DATA EXCERPTS:
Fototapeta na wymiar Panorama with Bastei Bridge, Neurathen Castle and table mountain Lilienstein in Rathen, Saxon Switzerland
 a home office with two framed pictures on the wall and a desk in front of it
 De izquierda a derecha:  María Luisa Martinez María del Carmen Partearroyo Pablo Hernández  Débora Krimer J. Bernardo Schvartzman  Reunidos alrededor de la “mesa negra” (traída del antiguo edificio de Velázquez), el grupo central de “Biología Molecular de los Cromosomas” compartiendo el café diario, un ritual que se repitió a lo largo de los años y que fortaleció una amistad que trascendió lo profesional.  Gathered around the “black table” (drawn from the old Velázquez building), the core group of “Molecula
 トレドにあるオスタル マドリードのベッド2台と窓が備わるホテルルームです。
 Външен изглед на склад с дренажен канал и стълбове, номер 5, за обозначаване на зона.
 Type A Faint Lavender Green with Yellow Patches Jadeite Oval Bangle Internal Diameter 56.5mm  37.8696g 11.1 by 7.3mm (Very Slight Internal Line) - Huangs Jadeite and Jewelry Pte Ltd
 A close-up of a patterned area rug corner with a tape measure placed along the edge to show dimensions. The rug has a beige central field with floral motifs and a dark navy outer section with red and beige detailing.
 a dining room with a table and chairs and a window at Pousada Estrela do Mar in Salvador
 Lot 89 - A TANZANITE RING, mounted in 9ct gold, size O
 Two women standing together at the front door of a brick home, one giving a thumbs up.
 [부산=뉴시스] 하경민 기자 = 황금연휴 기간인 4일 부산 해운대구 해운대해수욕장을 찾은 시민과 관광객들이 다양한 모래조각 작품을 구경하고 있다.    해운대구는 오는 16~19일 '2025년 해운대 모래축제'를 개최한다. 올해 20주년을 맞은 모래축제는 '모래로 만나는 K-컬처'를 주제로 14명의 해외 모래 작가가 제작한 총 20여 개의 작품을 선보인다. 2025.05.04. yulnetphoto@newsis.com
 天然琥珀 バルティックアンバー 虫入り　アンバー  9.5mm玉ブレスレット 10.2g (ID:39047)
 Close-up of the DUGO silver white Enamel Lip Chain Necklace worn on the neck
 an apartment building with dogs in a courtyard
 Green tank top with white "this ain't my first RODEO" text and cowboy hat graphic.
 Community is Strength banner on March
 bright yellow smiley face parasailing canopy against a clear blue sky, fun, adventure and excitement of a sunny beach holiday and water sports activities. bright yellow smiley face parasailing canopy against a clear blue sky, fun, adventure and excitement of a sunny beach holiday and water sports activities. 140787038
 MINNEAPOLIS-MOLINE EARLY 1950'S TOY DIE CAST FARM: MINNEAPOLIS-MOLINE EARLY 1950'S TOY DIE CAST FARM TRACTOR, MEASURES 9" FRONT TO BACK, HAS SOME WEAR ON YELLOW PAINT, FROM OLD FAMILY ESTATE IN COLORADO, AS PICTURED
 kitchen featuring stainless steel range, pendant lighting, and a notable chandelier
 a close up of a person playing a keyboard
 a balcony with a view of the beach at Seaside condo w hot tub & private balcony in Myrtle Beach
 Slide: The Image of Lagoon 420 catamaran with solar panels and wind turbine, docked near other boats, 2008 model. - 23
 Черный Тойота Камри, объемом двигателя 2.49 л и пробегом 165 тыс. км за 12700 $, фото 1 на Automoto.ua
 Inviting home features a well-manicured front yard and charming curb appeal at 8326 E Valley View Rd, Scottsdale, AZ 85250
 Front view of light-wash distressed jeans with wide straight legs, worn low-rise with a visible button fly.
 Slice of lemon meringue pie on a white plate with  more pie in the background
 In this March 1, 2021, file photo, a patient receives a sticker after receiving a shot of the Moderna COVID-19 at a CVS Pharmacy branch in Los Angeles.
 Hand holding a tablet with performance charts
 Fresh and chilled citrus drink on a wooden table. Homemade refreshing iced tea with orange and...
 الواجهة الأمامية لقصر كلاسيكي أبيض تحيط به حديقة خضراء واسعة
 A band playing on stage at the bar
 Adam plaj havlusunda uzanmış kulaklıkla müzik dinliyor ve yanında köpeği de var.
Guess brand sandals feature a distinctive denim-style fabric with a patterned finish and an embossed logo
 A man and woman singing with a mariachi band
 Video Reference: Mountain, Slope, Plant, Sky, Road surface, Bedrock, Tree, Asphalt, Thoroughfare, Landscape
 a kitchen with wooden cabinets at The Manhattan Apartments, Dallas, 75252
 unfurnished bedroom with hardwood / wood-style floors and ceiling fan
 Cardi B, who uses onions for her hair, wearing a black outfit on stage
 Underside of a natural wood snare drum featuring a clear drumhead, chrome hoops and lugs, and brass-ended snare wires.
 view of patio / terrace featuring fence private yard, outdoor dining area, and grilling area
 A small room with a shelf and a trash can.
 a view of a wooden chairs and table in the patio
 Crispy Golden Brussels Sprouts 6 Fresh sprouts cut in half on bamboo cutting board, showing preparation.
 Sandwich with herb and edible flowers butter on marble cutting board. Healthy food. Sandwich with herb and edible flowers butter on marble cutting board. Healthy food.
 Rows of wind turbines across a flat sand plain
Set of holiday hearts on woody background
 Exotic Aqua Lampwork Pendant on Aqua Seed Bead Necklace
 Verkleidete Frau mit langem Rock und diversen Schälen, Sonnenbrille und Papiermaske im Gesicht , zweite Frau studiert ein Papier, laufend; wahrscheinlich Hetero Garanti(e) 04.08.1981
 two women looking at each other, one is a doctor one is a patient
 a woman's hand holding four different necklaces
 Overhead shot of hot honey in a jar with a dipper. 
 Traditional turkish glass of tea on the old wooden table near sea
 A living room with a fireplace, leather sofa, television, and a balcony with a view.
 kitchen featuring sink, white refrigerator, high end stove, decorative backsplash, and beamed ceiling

AIM OF THE TASK: Your task is to reproduce all the records above exactly as they appear.

WRITTEN ANSWER:
Fototapeta na wymiar Panorama with Bastei Bridge, Neurathen Castle and table mountain Lilienstein in Rathen, Saxon Switzerland
 a home office with two framed pictures on the wall and a desk in front of it
 De izquierda a derecha:  María Luisa Martinez María del Carmen Partearroyo Pablo Hernández  Débora Krimer J. Bernardo Schvartzman  Reunidos alrededor de la “mesa negra” (traída del antiguo edificio de Velázquez), el grupo central de “Biología Molecular de los Cromosomas” compartiendo el café diario, un ritual que se repitió a lo largo de los años y que fortaleció una amistad que trascendió lo profesional.  Gathered around the “black table” (drawn from the old Velázquez building), the core group of “Molecula
 トレドにあるオスタル マドリードのベッド2台と窓が備わるホテルルームです。
 Външен изглед на склад с дренажен канал и стълбове, номер 5, за обозначаване на зона.
 Type A Faint Lavender Green with Yellow Patches Jadeite Oval Bangle Internal Diameter 56.5mm  37.8696g 11.1 by 7.3mm (Very Slight Internal Line) - Huangs Jadeite and Jewelry Pte Ltd
 A close-up of a patterned area rug corner with a tape measure placed along the edge to show dimensions. The rug has a beige central field with floral motifs and a dark navy outer section with red and beige detailing.
 a dining room with a table and chairs and a window at Pousada Estrela do Mar in Salvador
 Lot 89 - A TANZANITE RING, mounted in 9ct gold, size O
 Two women standing together at the front door of a brick home, one giving a thumbs up.
 [부산=뉴시스] 하경민 기자 = 황금연휴 기간인 4일 부산 해운대구 해운대해수욕장을 찾은 시민과 관광객들이 다양한 모래조각 작품을 구경하고 있다.    해운대구는 오는 16~19일 '2025년 해운대 모래축제'를 개최한다. 올해 20주년을 맞은 모래축제는 '모래로 만나는 K-컬처'를 주제로 14명의 해외 모래 작가가 제작한 총 20여 개의 작품을 선보인다. 2025.05.04. yulnetphoto@newsis.com
 天然琥珀 バルティックアンバー 虫入り　アンバー  9.5mm玉ブレスレット 10.2g (ID:39047)
 Close-up of the DUGO silver white Enamel Lip Chain Necklace worn on the neck
 an apartment building with dogs in a courtyard
 Green tank top with white "this ain't my first RODEO" text and cowboy hat graphic.
 Community is Strength banner on March
 bright yellow smiley face parasailing canopy against a clear blue sky, fun, adventure and excitement of a sunny beach holiday and water sports activities. bright yellow smiley face parasailing canopy against a clear blue sky, fun, adventure and excitement of a sunny beach holiday and water sports activities. 140787038
 MINNEAPOLIS-MOLINE EARLY 1950'S TOY DIE CAST FARM: MINNEAPOLIS-MOLINE EARLY 1950'S TOY DIE CAST FARM TRACTOR, MEASURES 9" FRONT TO BACK, HAS SOME WEAR ON YELLOW PAINT, FROM OLD FAMILY ESTATE IN COLORADO, AS PICTURED
 kitchen featuring stainless steel range, pendant lighting, and a notable chandelier
 a close up of a person playing a keyboard
 a balcony with a view of the beach at Seaside condo w hot tub & private balcony in Myrtle Beach
 Slide: The Image of Lagoon 420 catamaran with solar panels and wind turbine, docked near other boats, 2008 model. - 23
 Черный Тойота Камри, объемом двигателя 2.49 л и пробегом 165 тыс. км за 12700 $, фото 1 на Automoto.ua
 Inviting home features a well-manicured front yard and charming curb appeal at 8326 E Valley View Rd, Scottsdale, AZ 85250
 Front view of light-wash distressed jeans with wide straight legs, worn low-rise with a visible button fly.
 Slice of lemon meringue pie on a white plate with  more pie in the background
 In this March 1, 2021, file photo, a patient receives a sticker after receiving a shot of the Moderna COVID-19 at a CVS Pharmacy branch in Los Angeles.
 Hand holding a tablet with performance charts
 Fresh and chilled citrus drink on a wooden table. Homemade refreshing iced tea with orange and...
 الواجهة الأمامية لقصر كلاسيكي أبيض تحيط به حديقة خضراء واسعة
 A band playing on stage at the bar
 Adam plaj havlusunda uzanmış kulaklıkla müzik dinliyor ve yanında köpeği de var.
Guess brand sandals feature a distinctive denim-style fabric with a patterned finish and an embossed logo
 A man and woman singing with a mariachi band
 Video Reference: Mountain, Slope, Plant, Sky, Road surface, Bedrock, Tree, Asphalt, Thoroughfare, Landscape
 a kitchen with wooden cabinets at The Manhattan Apartments, Dallas, 75252
 unfurnished bedroom with hardwood / wood-style floors and ceiling fan
 Cardi B, who uses onions for her hair, wearing a black outfit on stage
 Underside of a natural wood snare drum featuring a clear drumhead, chrome hoops and lugs, and brass-ended snare wires.
 view of patio / terrace featuring fence private yard, outdoor dining area, and grilling area
 A small room with a shelf and a trash can.
 a view of a wooden chairs and table in the patio
 Crispy Golden Brussels Sprouts 6 Fresh sprouts cut in half on bamboo cutting board, showing preparation.
 Sandwich with herb and edible flowers butter on marble cutting board. Healthy food. Sandwich with herb and edible flowers butter on marble cutting board. Healthy food.
 Rows of wind turbines across a flat sand plain
Set of holiday hearts on woody background
 Exotic Aqua Lampwork Pendant on Aqua Seed Bead Necklace
 Verkleidete Frau mit langem Rock und diversen Schälen, Sonnenbrille und Papiermaske im Gesicht , zweite Frau studiert ein Papier, laufend; wahrscheinlich Hetero Garanti(e) 04.08.1981
 two women looking at each other, one is a doctor one is a patient
 a woman's hand holding four different necklaces
 Overhead shot of hot honey in a jar with a dipper. 
 Traditional turkish glass of tea on the old wooden table near sea
 A living room with a fireplace, leather sofa, television, and a balcony with a view.
 kitchen featuring sink, white refrigerator, high end stove, decorative backsplash, and beamed ceiling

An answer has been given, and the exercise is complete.